EXERCISE DIRECTIONS: Keep the pictures out of the copy and print all the entries below exactly.

SOURCE MATERIAL below:

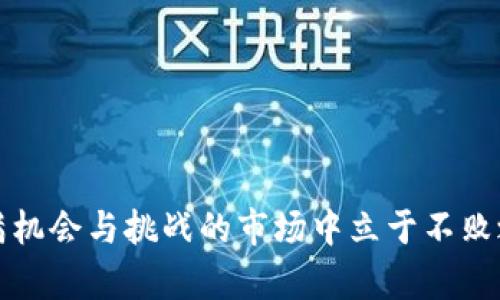   炒币是否合法：判刑的风险与法律解读 / 
 guanjianci 炒币, 判刑, 加密货币, 法律风险 /guanjianci 

### 内容主体大纲

1. 引言
   - 对于炒币的背景介绍
   - 炒币与投资的关系
   - 炒币热潮的兴起

2. 炒币的法律风险
   - 世界各国对加密货币的法律态度
   - 中国对炒币的政策解读
   - 投资者需要注意的法律法规

3. 判刑的可能性
   - 何种行为会导致判刑
   - 以往案例分析：炒币与判刑的关系
   - 国家政策变化对投资者的影响

4. 炒币的合规运营
   - 合法炒币的原则
   - 如何选择合规的平台
   - 参与炒币需要的法律知识

5. 技术与安全：保护投资者权益
   - 加密货币交易中的安全风险
   - 如何防范诈骗与盗窃
   - 交易记录与责任

6. 结论
   - 对未来炒币的展望
   - 投资者应保持的心态与策略

7. 常见问题解答
   - 6个相关问题和详细解答

---

### 引言

近年来，随着区块链技术的迅速发展，加密货币的炒作已经成为一种流行的投资方式，吸引了大量的个人投资者。然而，炒币的火爆程度也引发了诸多争议，尤其是在法律与合规方面。越来越多的人开始关注炒币是否会导致判刑的问题，尤其是在政策不断变化的环境中。本文将探讨炒币的法律风险、判刑的可能性以及如何合法合规地参与炒币。

### 炒币的法律风险

世界各国对加密货币的法律态度
各国对于加密货币的法律态度不尽相同。一些国家对加密货币持欢迎态度，制定相关法律法规来规范市场；而另一些国家则对其采取禁止或严格监管的态度。例如，美国、加拿大等国已经建立了一些相关法律框架，而中国则采取了相对严格的禁止措施。

中国对炒币的政策解读
中国对加密货币交易和ICO的监管非常严格，2017年就全面禁止了ICO和境内的虚拟货币交易。这使得大量炒币的项目遭到封杀，投资者在中国参与炒币将面临很大的法律风险，可能会被控以非法集资、诈骗等罪名。

投资者需要注意的法律法规
对于希望炒币的投资者来说，了解相关法律法规是非常重要的。除了国家的政策，投资者还需要关注自己所在地区的法律，以及加密货币交易所自行设定的条款与条件。

### 判刑的可能性

何种行为会导致判刑
通常情况下，仅仅因为投资加密货币并不会导致判刑。但是，如果投资者从事非法资金募集、诈骗、洗钱等违法行为，就可能面临刑事责任。同时，在炒币市场上，有些投资者会利用虚假信息进行操控，这些行为会被法律追责。

以往案例分析：炒币与判刑的关系
在过去的几年中，有一些投资者因炒币而被判刑，这大多与其涉嫌欺诈或违背相关法律法规有关。例如，有些炒币项目以高额回报为诱饵，吸引大量投资者，最后却卷款潜逃，导致投资者损失惨重，同时这些项目的操纵者也面临法律制裁。

国家政策变化对投资者的影响
随着时间的推移，各国对加密货币的监管政策呈现出不断变化的趋势。投资者应密切关注政策动向，以避免因政策变化而导致的法律风险，例如某些国家突然收紧监管，导致合法交易也可能变成非法行为。

### 炒币的合规运营

合法炒币的原则
合法炒币的原则主要包括了解法律法规、选择合规的交易平台、不参与非法集资和炒币项目等。此外，投资者还应明确自身的投资风险，合理分配资金。

如何选择合规的平台
选择一个合规的交易平台是炒币的重要一步。投资者应选择那些受到监管、拥有良好声誉的交易平台，并仔细阅读平台的服务条款与隐私政策，确保自身权益得到保障。

参与炒币需要的法律知识
参与炒币之前，投资者应了解一定的法律知识，包括投资相关法律、消费者保护法、反洗钱法等。此外，关注行业动态，了解加密货币的市场规律，也能够更好地保护自身的投资安全。

### 技术与安全：保护投资者权益

加密货币交易中的安全风险
加密货币交易本身存在一定的安全风险，包括技术漏洞、黑客攻击等，因此投资者在参与交易时不应忽视安全问题。例如，要使用强密码、开启双重身份验证等，降低账户被盗的风险。

如何防范诈骗与盗窃
在加密货币领域，诈骗行为时有发生，投资者应提高警惕。要学会辨识投资项目的真实性，避免轻信高收益承诺。同时，定期查看自身资金的流动及交易记录，也可以发现异常情况。

交易记录与责任
投资者在进行交易时，应保留好相关记录。这不仅有助于管理自己的投资情况，也是在遇到纠纷时的重要凭证。同时，交易记录也能用于法律追索，如发生拖欠或诈骗情况时，可以作为证据。

### 结论

炒币作为一种新兴投资方式，既带来了机遇，也伴随着法律风险。投资者在参与炒币时，应清楚了解法律法规，做到合规操作，降低可能面临的法律风险。随着市场的不断发展，炒币的法律环境也将不断演变，投资者需要保持敏感，及时调整策略。

### 常见问题解答

1. 炒币会导致什么法律后果？
炒币可能面临的法律后果包括但不限于经济处罚、民事责任或刑事责任。违法行为如欺诈、非法集资等，会被追究相应的法律责任。

2. 如果我在国外炒币，是否还会受国内法律的影响？
虽然在国外的行为可能不直接受国内法律影响，但如果违法行为影响到国内居民或国家利益，仍有可能受到国内法律追究。

3. 如何识别炒币项目的合法性？
识别炒币项目的合法性可以从多方面入手，包括查看注册信息、是否有合法的行业认证、团队背景、项目白皮书的透明度等。

4. 炒币时如何保障自身的资金安全？
保障资金安全的措施包括选择安全的交易平台、设置强密码、启用双重验证、定期更新安全设置等。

End of SOURCE MATERIAL.

SOLUTION TO THIS EXERCISE:
   炒币是否合法：判刑的风险与法律解读 / 
 guanjianci 炒币, 判刑, 加密货币, 法律风险 /guanjianci 

### 内容主体大纲

1. 引言
   - 对于炒币的背景介绍
   - 炒币与投资的关系
   - 炒币热潮的兴起

2. 炒币的法律风险
   - 世界各国对加密货币的法律态度
   - 中国对炒币的政策解读
   - 投资者需要注意的法律法规

3. 判刑的可能性
   - 何种行为会导致判刑
   - 以往案例分析：炒币与判刑的关系
   - 国家政策变化对投资者的影响

4. 炒币的合规运营
   - 合法炒币的原则
   - 如何选择合规的平台
   - 参与炒币需要的法律知识

5. 技术与安全：保护投资者权益
   - 加密货币交易中的安全风险
   - 如何防范诈骗与盗窃
   - 交易记录与责任

6. 结论
   - 对未来炒币的展望
   - 投资者应保持的心态与策略

7. 常见问题解答
   - 6个相关问题和详细解答

---

### 引言

近年来，随着区块链技术的迅速发展，加密货币的炒作已经成为一种流行的投资方式，吸引了大量的个人投资者。然而，炒币的火爆程度也引发了诸多争议，尤其是在法律与合规方面。越来越多的人开始关注炒币是否会导致判刑的问题，尤其是在政策不断变化的环境中。本文将探讨炒币的法律风险、判刑的可能性以及如何合法合规地参与炒币。

### 炒币的法律风险

世界各国对加密货币的法律态度
各国对于加密货币的法律态度不尽相同。一些国家对加密货币持欢迎态度，制定相关法律法规来规范市场；而另一些国家则对其采取禁止或严格监管的态度。例如，美国、加拿大等国已经建立了一些相关法律框架，而中国则采取了相对严格的禁止措施。

中国对炒币的政策解读
中国对加密货币交易和ICO的监管非常严格，2017年就全面禁止了ICO和境内的虚拟货币交易。这使得大量炒币的项目遭到封杀，投资者在中国参与炒币将面临很大的法律风险，可能会被控以非法集资、诈骗等罪名。

投资者需要注意的法律法规
对于希望炒币的投资者来说，了解相关法律法规是非常重要的。除了国家的政策，投资者还需要关注自己所在地区的法律，以及加密货币交易所自行设定的条款与条件。

### 判刑的可能性

何种行为会导致判刑
通常情况下，仅仅因为投资加密货币并不会导致判刑。但是，如果投资者从事非法资金募集、诈骗、洗钱等违法行为，就可能面临刑事责任。同时，在炒币市场上，有些投资者会利用虚假信息进行操控，这些行为会被法律追责。

以往案例分析：炒币与判刑的关系
在过去的几年中，有一些投资者因炒币而被判刑，这大多与其涉嫌欺诈或违背相关法律法规有关。例如，有些炒币项目以高额回报为诱饵，吸引大量投资者，最后却卷款潜逃，导致投资者损失惨重，同时这些项目的操纵者也面临法律制裁。

国家政策变化对投资者的影响
随着时间的推移，各国对加密货币的监管政策呈现出不断变化的趋势。投资者应密切关注政策动向，以避免因政策变化而导致的法律风险，例如某些国家突然收紧监管，导致合法交易也可能变成非法行为。

### 炒币的合规运营

合法炒币的原则
合法炒币的原则主要包括了解法律法规、选择合规的交易平台、不参与非法集资和炒币项目等。此外，投资者还应明确自身的投资风险，合理分配资金。

如何选择合规的平台
选择一个合规的交易平台是炒币的重要一步。投资者应选择那些受到监管、拥有良好声誉的交易平台，并仔细阅读平台的服务条款与隐私政策，确保自身权益得到保障。

参与炒币需要的法律知识
参与炒币之前，投资者应了解一定的法律知识，包括投资相关法律、消费者保护法、反洗钱法等。此外，关注行业动态，了解加密货币的市场规律，也能够更好地保护自身的投资安全。

### 技术与安全：保护投资者权益

加密货币交易中的安全风险
加密货币交易本身存在一定的安全风险，包括技术漏洞、黑客攻击等，因此投资者在参与交易时不应忽视安全问题。例如，要使用强密码、开启双重身份验证等，降低账户被盗的风险。

如何防范诈骗与盗窃
在加密货币领域，诈骗行为时有发生，投资者应提高警惕。要学会辨识投资项目的真实性，避免轻信高收益承诺。同时，定期查看自身资金的流动及交易记录，也可以发现异常情况。

交易记录与责任
投资者在进行交易时，应保留好相关记录。这不仅有助于管理自己的投资情况，也是在遇到纠纷时的重要凭证。同时，交易记录也能用于法律追索，如发生拖欠或诈骗情况时，可以作为证据。

### 结论

炒币作为一种新兴投资方式，既带来了机遇，也伴随着法律风险。投资者在参与炒币时，应清楚了解法律法规，做到合规操作，降低可能面临的法律风险。随着市场的不断发展，炒币的法律环境也将不断演变，投资者需要保持敏感，及时调整策略。

### 常见问题解答

1. 炒币会导致什么法律后果？
炒币可能面临的法律后果包括但不限于经济处罚、民事责任或刑事责任。违法行为如欺诈、非法集资等，会被追究相应的法律责任。

2. 如果我在国外炒币，是否还会受国内法律的影响？
虽然在国外的行为可能不直接受国内法律影响，但如果违法行为影响到国内居民或国家利益，仍有可能受到国内法律追究。

3. 如何识别炒币项目的合法性？
识别炒币项目的合法性可以从多方面入手，包括查看注册信息、是否有合法的行业认证、团队背景、项目白皮书的透明度等。

4. 炒币时如何保障自身的资金安全？
保障资金安全的措施包括选择安全的交易平台、设置强密码、启用双重验证、定期更新安全设置等。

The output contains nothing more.